非常に雑で尚且つ物凄く酷い書き方をしよう。

同時代の小説家にも書いてもらえず、批評家にも何も触れられずに無関心を貫かれている。ということは「眼にも止められない」ということで、そこら辺の石ころと同じである。きっと賞を取って満足してしまったのだろうと僕には思われて仕方がないのである。

あるいはこうも考えられる。僕と同様に、別に文章を生業にして食べていこうという気概はなくて、趣味の延長線上として書いていたらたまたま文章がうまくて、皆に(といってもこれはせいぜい本当に近くの人)ちやほやされて、何だかトントン拍子にうまく進んでしまって、別になりたくはないのにそうならざるを得なくなってしまった。
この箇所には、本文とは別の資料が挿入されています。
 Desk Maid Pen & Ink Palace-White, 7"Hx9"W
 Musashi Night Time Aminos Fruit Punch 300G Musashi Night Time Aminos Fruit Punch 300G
こういったパターンだって十分に可能性としてはあり得る。

そういった作品に果たして「小説的強度」は存在しうるのか?


ということを考えると、今の作家の人たちは断然いい。と言うよりも、昔に比べてある種「そこまでの小説的強度を持つ作家が増加する」可能性を多く孕んでいるのである。ある種、うらやましい状況ではある。ここについては詳しく述べることにしよう。

僕は先に「あらゆる人に読まれ批評されることで小説的強度を増し、作品として自立する」というように書いた。昔の場合はメディアもあまり発達していたとは言えず、今の僕の状況のように、個人が何かを書いて発信する場というのが無かった。今こうして簡単に自分自身の思いや考えを大多数の人間に伝えることは容易になったし、当然、逆も然りである。あらゆる情報が気軽に入るようになった。
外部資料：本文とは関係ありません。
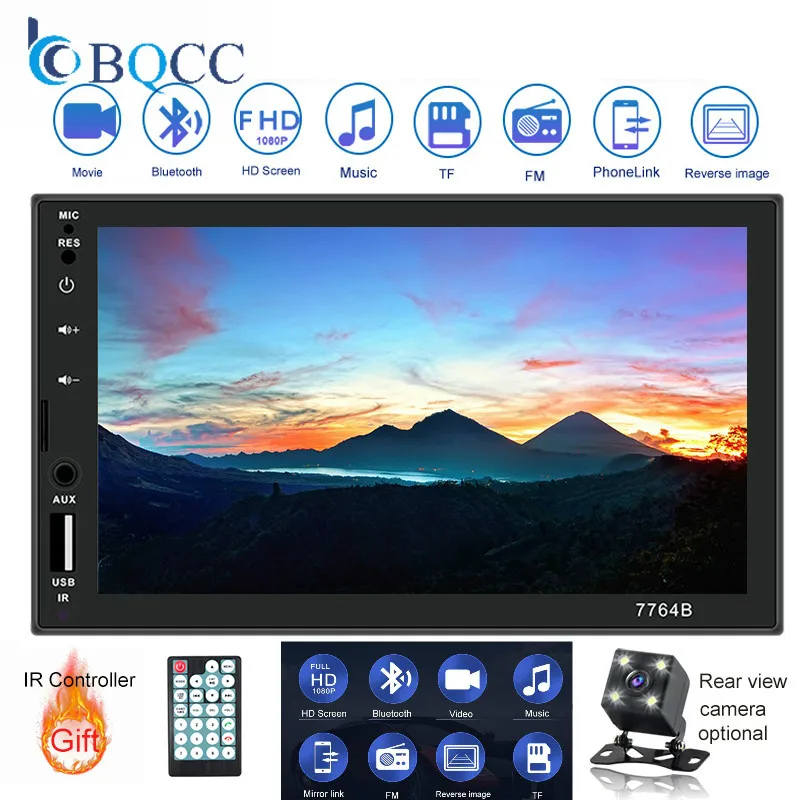 Автомагнитола 2DIN с 7 дюймовым сенсорным зеркальным соединением Android плеер MP5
最近はSNSなどで僕みたいな所謂エセ批評家も存在するわけだが、こういうような作品の感想だったり、読み方などを懇切丁寧に書いてくれる人もちらほら存在する。単純にその母体数が多いので、幾ら僕のようにクソみたいなことを書く人が大勢いいても、素晴らしい読みを提供してくれる人は存在する。正当な批評をしてくれる人もいる。中にはネトウヨみたいなクソみたいな奴もいるけど、そんなのは無視しておけばよい。

つまり、単純に作品が眼に晒される機会が非常に多いことに加え、批評を書く者、感想を書く者、書評を書く者…様々な人たちが様々な視点から作品を作品たらしめようとしている訳なのだ。そういった意味では、今の作家はかなり恵まれているのではないだろうかと思われる。だが、実はここに1つの落とし穴が存在する。
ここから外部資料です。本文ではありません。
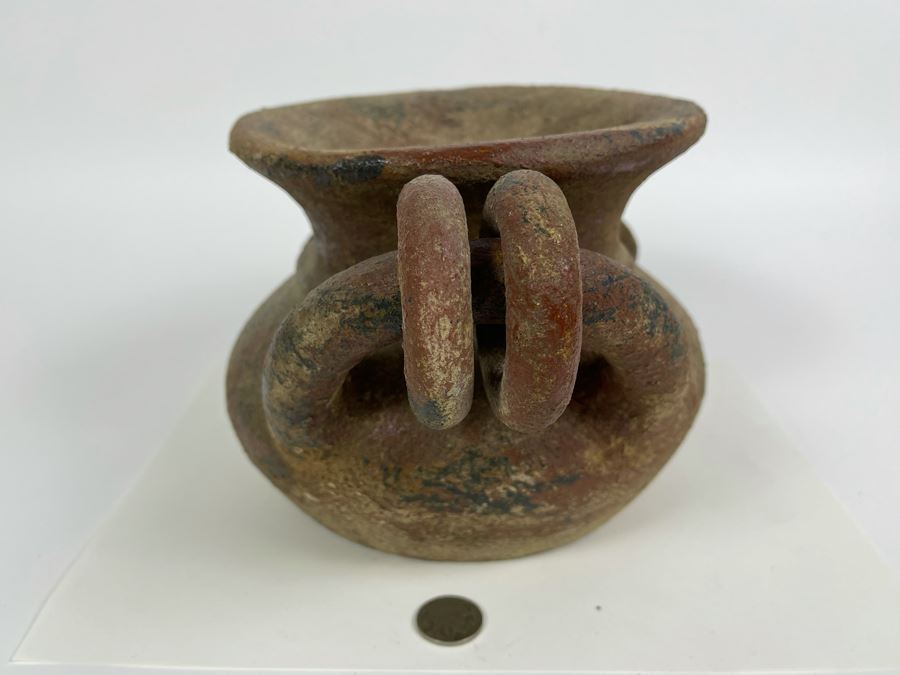 Vintage Pottery Pot With Rings On Handles 9W X 5.5H [Photo 5]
それは以前の記録でも書いているが、「書く側も読む側も、読解するレヴェルが低下している」ということである。これは事実僕も含めてそうだし、広く全般に言えるのではないかと感じている。だって、僕なんか延々とくだらないこと書き続けているんだよ。これのどこに読解力があるのさ?だからと言って僕は開き直りはしないが、少なくとも最低限の水準の読解力は保てるように日々研鑽を重ねているつもりである。

これも過去の記録に書いたが、要はSNSが発達して便利「過ぎて」しまうが故に僕らの読解力なるものは低下したのかなとも思う。これは書評について書いたときに詳細は書いているので、そちらを参照されたい。

つまり、このSNSで多くの人にあらゆる形で作品が読まれるということでその「小説的強度」を高めはするが、しかしその実は厚みが増しただけで、構造はスポンジのようにスカスカになりかねない危険性を孕んでいるということである。偽りの「小説的強度」である。見てくれの「小説的強度」である。数が物を言い、その書かれた中身ではなく、その小説について語る「数」が多ければ多いほど、どんどん「小説的強度」が増していくと思ったら大間違いである。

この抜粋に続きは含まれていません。